The consultations will be relevant to:
- existing registered banks and licensed non-bank deposit takers (NBDTs);
- fintechs that offer bank-like services and products who may be interested in using restricted words; and
- overseas banks that rely on the current class authorisation regime to undertake limited wholesale activities in New Zealand.
In this insight, we summarise the proposals in the two consultation papers. If you have any questions about the consultation papers, or the implementation of the DT Act more generally, please get in touch with one of our experts.
Submissions on the consultations are due on 24 November 2025.
Consultation paper 1: Restrictions on the use of the word "bank"
Currently only registered banks and certain overseas banks that do not have a place of business in New Zealand and rely on a class authorisation are able to use the term "bank" in their name and in advertisements.
A key recommendation from the Commerce Commission's market study into personal banking services was that the Reserve Bank should review who is able to use the term "bank". Submissions claimed that the current restrictions hinder competition and confuse consumers – in particular, the inability of NBDTs that are prudentially regulated by the Reserve Bank and are covered by the Depositor Compensation Scheme to use restricted words. This workstream was identified as a priority by the Minister of Finance in her letter of expectations to the Reserve Bank.
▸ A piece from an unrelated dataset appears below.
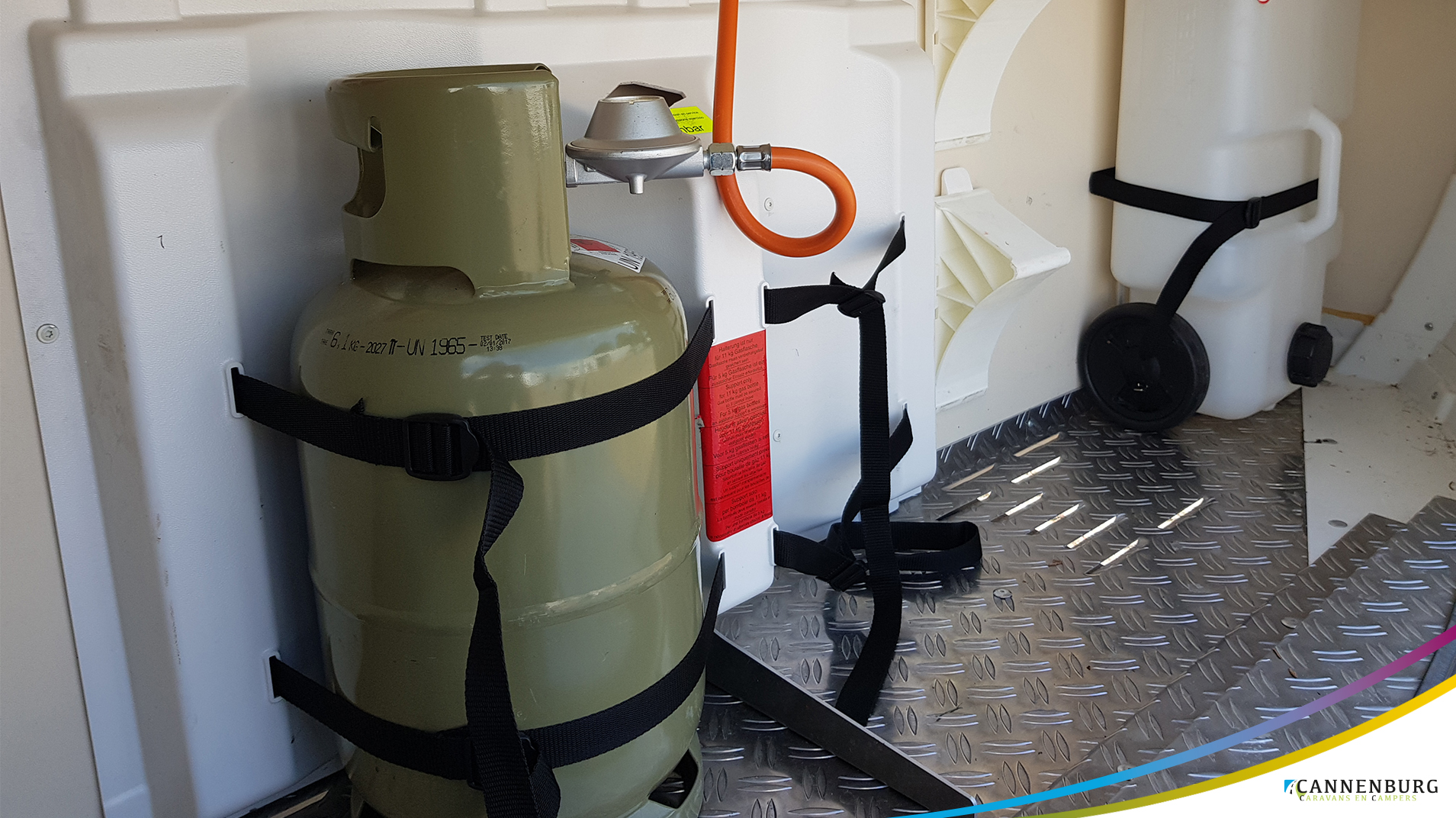 Gasfles vullen of omruilen? Cannenburg Caravans en Campers De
The consultation paper contains two proposals:
- The Reserve Bank proposes that all licensed deposit takers (including those that operate as branches in New Zealand) will be authorised to use restricted words. This will include NBDTs (who cannot currently use restricted words) that become licensed deposit takers. Fintechs that provide bank-like products and services but that are not licensed deposit takers – and therefore not prudentially regulated and supervised by the Reserve Bank – would not be permitted to use restricted words.
- The Reserve Bank proposes to carry over the existing policy approach to authorising overseas banks that do not have a place of business in New Zealand by issuing a new class authorisation under the DT Act with broadly the same scope and conditions. The Reserve Bank is seeking feedback on whether other wholesale activities should be permitted under the new class authorisation.
The Reserve Bank intends to announce its final decision in early 2026. The Reserve Bank proposes that these changes will be effective once the DT Act is full in force (which is expected to be December 2028) and will be implemented via separate class authorisations.
Consultation paper 2: Regulatory perimeter
The DT Act will be an activities-based regime – meaning that every person who carries on business as a deposit taker must be licensed.
The definition of "deposit taker" is set out in clause 2 of Schedule 2 of the DT Act. Certain parts of the definition rely on details to be prescribed in Orders in Council and regulations to be made under the DT Act, which are the subject matter of the consultation paper.
The Reserve Bank is consulting on the following proposals:
- The Reserve Bank proposes that the existing classes of entities that have been declared not to be an NBDT for the purposes of the Non-bank Deposit Takers Act 2013 (NBDT Act) (e.g. intra-group funding vehicles, payment facility providers, special purpose vehicles and charities that meet certain criteria and Public Trust) will be declared not to be deposit takers for the purposes of the DT Act. This may not be necessary in every case given that the definition of "deposit taker" does not include "providing financial services" and therefore some entities that are currently caught by the NBDT Act may not be caught by the DT Act.
- The Reserve Bank does not propose to "declare in" fintechs that offer bank-like services and products that do not otherwise meet the definition of "deposit taker" (i.e. because they are not carrying on business of lending and borrowing). However, this would also mean that fintechs that do not meet the definition of "deposit taker" will not be entitled to use the term "bank" under the proposal in the first consultation paper. The Reserve Bank says that it will continue to monitor developments in the fintech sector to determine whether certain fintechs or classes of fintechs should be required to be licensed under the DT Act.
- The Reserve Bank proposes to introduce criteria to narrow the definition of "specified overseas entity" (which is one of the limbs of the definition of "deposit taker") to exclude overseas banks that have no physical presence in New Zealand. This proposal is intended to maintain the status quo regulatory perimeter whereby overseas banks that have a place of business in New Zealand are required to register as a branch in New Zealand while overseas banks that have no physical presence in New Zealand may rely on the class authorisation regime rather than become registered in New Zealand.